O impacto cultural foi imenso até os anos 1960. Mesmo depois, no período que vai dos anos 1970 aos 1990, para um filme de grande orçamento ser realizado era necessário ter um ou mais nomes famosos no elenco. Nos tempos do sistema de estúdios, que teve seu apogeu de meados dos anos 1920 aos anos 1950, as estrelas tinham contratos de exclusividade e filmavam até dois filmes ao mesmo tempo, a depender do caso.

Em que momento os estúdios perceberam que poderiam lucrar alto com o "star system"? "Por volta de 1910, ficou óbvio que os espectadores gostavam mais de certos atores e começavam a expressar suas preferências", explica Antonio Carlos Gomes de Mattos em "Do Cinetoscópio ao Cinema Digital". Até então, os produtores não revelavam o nome dos atores, pois pensavam que isso faria os mesmos reivindicarem melhores salários.

Continua Mattos: "Foi sob a pressão dos espectadores que os produtores começaram a revelar o nome de seus intérpretes". Pouco depois, os filmes de longa-metragem consolidaram-se no mercado e as estrelas, já com salários mais altos, ajudaram a indústria a ter lucros exorbitantes. Muitas pessoas passaram a ir aos cinemas para ver o novo filme de Mary Pickford, o novo de Charles Chaplin ou de Douglas Fairbanks. Nascem os primeiros ícones pop, símbolos sexuais de uma geração, como Rudolph Valentino.
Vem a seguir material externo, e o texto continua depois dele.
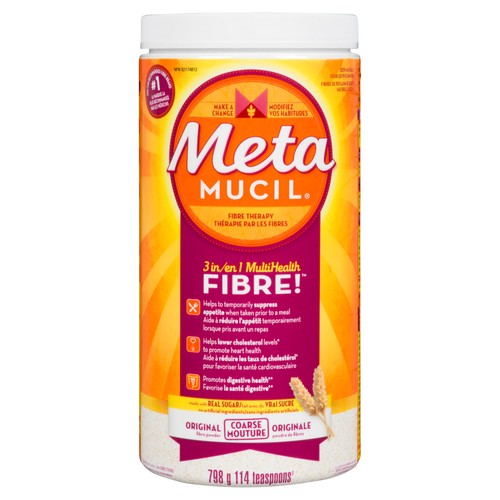 Metamucil Fibre Supplement Powder Original 798 g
Em meio à Grande Depressão os estúdios nadaram de braçada: os ingressos eram baratos, as pessoas corriam aos cinemas para escapar da realidade. Sonhavam acordadas com os musicais de Fred Astaire e Ginger Rogers, que, filme atrás de filme, interpretavam sempre os mesmos papéis. A regra foi aplicada a outros grandes atores como James Cagney, Humphrey Bogart, Cary Grant e James Stewart até meados dos anos 1940.

Passada a Segunda Guerra e com a chegada da televisão, o "star system" sofria transformações: mesmo que alguns astros e estrelas terminassem em personagens com pouca variação, como Marilyn Monroe (a eterna "ingênua" sexualmente atraente), outros arriscavam o diferente, como James Stewart e Bogart. Uma nova geração de atores, como Montgomery Clift e Marlon Brando, vindos da escola do "Método" de Lee Strasberg, ajudou a aprofundar as mudanças - alinhadas ao nascente cinema moderno.

O cinema atual ainda conserva algumas estrelas, mesmo que elas não sejam garantia de audiência. O público atual encanta-se com franquias, com marcas que se repetem e derivam de livros, gibis, games e até de brinquedos. O fascínio pelo glamour humano deu lugar ao fascínio por universos banhados não raro pela infantilização.

No ano passado, alguns especialistas e graúdos da indústria deram a Tom Cruise o título de "estrela que salvou o cinema" após o sucesso de seu novo "Top Gun". Mas será que o público foi em peso aos cinemas para ver Tom Cruise? Tenho dúvidas. A fórmula dada em "Top Gun" dialoga perfeitamente com nossos tempos, misto de nostalgia anos 1980 e patriotada que põe o herói norte-americano nas nuvens, em momento de claro conservadorismo político. Tom Cruise é só uma peça do jogo.